Glencore moving in on Katanga

Facing financial distress Katanga Mining’s (KAT-T) shareholders have agreed to allow the world’s largest commodity trader to step in.

By supplying roughly US$265 million worth of loans Baar, Switzerland-based Glencore International can take as much as an 88% stake in Katanga – a company that until recently had built up huge market capitalization on the back of its copper and cobalt projects in the Democratic Republic of the Congo (DRC).

The door for Glencore was officially opened after a shareholder’s meeting in Toronto on Monday, where shareholders gave the okay to a huge increase in the amount of Katanga’s authorized shares.

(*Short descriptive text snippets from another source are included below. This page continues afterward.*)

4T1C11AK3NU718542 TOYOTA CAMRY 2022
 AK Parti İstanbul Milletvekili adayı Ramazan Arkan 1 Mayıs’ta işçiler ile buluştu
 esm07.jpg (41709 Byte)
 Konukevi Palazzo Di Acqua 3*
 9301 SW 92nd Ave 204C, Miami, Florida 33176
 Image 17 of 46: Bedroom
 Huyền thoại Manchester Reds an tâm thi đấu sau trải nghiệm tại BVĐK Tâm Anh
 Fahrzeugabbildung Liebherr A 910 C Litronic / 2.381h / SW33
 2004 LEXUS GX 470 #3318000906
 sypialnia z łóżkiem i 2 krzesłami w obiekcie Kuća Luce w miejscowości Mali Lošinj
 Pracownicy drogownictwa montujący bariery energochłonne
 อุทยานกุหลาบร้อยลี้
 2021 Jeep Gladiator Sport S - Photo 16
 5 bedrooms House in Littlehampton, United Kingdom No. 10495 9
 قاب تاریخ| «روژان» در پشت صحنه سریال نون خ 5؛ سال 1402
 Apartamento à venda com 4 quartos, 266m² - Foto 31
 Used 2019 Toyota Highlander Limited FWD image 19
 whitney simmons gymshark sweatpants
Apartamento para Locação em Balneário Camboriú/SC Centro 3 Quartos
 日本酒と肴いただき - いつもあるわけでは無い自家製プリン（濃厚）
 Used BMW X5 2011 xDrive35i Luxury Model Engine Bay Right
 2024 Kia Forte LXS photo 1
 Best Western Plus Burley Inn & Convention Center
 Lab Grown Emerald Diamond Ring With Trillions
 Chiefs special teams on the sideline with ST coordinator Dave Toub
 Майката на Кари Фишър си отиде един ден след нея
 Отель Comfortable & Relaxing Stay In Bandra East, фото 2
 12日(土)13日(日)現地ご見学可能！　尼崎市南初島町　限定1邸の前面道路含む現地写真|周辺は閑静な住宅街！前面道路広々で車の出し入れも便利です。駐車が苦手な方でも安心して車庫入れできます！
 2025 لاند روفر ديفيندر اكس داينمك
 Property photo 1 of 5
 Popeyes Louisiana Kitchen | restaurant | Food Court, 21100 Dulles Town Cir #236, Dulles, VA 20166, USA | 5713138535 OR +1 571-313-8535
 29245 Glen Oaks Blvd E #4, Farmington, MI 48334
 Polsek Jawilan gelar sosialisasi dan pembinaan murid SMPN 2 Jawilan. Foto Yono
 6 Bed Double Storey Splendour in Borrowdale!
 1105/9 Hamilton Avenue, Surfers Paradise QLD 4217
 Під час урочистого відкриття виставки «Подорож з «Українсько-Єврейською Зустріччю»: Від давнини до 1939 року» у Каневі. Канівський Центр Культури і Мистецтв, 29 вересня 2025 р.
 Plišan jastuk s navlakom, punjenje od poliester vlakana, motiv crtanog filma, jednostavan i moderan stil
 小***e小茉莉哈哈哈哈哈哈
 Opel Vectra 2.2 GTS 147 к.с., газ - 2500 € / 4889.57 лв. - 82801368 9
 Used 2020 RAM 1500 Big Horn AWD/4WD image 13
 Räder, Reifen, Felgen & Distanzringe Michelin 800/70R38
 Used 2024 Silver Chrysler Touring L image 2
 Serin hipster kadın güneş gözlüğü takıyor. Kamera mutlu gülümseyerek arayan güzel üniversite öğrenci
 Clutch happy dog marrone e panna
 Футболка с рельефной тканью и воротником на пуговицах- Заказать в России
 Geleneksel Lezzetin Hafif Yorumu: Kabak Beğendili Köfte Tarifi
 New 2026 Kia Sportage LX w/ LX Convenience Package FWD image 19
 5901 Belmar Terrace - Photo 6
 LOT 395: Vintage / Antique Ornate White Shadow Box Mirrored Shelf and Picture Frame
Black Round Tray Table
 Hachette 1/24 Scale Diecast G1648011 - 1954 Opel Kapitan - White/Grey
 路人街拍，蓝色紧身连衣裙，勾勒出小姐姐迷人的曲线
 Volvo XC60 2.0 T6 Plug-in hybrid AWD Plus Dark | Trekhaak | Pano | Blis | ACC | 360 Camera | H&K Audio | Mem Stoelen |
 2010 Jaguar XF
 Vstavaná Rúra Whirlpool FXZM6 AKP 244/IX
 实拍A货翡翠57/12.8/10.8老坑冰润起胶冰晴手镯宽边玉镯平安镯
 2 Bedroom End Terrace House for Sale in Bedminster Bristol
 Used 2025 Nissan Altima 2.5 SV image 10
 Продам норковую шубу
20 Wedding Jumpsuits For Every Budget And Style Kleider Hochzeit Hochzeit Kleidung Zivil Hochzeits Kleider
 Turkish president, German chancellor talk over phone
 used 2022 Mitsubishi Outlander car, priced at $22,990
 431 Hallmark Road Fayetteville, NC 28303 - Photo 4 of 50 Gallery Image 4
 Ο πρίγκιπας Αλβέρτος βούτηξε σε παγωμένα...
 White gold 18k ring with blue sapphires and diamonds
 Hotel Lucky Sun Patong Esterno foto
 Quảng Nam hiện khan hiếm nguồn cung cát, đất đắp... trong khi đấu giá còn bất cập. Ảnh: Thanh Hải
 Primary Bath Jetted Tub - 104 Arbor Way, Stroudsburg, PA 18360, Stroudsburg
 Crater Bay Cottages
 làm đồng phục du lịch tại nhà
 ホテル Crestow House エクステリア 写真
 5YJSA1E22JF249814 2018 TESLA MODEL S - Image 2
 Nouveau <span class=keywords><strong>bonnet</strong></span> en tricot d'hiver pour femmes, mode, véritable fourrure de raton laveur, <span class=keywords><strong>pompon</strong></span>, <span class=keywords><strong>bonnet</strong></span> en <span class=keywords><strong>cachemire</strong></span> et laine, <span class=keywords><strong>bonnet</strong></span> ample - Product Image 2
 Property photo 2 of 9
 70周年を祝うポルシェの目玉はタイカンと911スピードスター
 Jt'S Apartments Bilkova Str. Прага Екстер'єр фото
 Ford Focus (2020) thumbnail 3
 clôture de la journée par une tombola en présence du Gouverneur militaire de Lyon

Katanga can now issue 953 million shares – an increase five times greater than the amount before – as backing for convertible loans to be supplied by Glencore.

The deal will see Glencore underwrite a new US$100 million loan and amend an existing US$150 million loan. When accrued interest is added the total sum of the loan will come to roughly US$265 million.

The convertible nature of the loan allows Glencore to convert the debt into equity at 34¢ per share.

In Toronto on Jan. 12 Katanga shares were off 11% or 4.5¢ to 38¢ on roughly 193,000 shares traded. In July of 2007 its shares closed at $26.20 – a 98.5% drop.

The deal will see Glencore in control of some enviable copper projects in one of the worlds richest – if not most tumultuous – countries.

In all, Katanga has 66 million tonnes in the proven and probable reserve category, with an average grade of 3.5% copper and 0.48% cobalt for 2.3 million tonnes of copper and 310,000 tonnes of cobalt.

The company has another 172 million tonnes in the measured and indicated resource category with an average grade of 4.8% copper and 0.43% cobalt.

All of those resources come from projects that are situated in the DRC.

Katanga has plans to expand underground operations at its Kamoto mine and construct an open-pit mine at its KOV project.

KOV is one of the world’s largest and highest grade copper projects.

It produced metal from 1960 to 2000, turning out 38 million tonnes of ore with an average grade of 5.8% copper and 0.5% cobalt.

Katanga has been de-watering the flooded mine since 2006.

Last year Katanga put US$187 million into KOV and US$152 million into Kamoto but falling copper and cobalt prices combined with the credit squeeze left the company vulnerable.

Glencore is already active nearby via its Mopani copper mine which sits just across the Congolese border Zambia.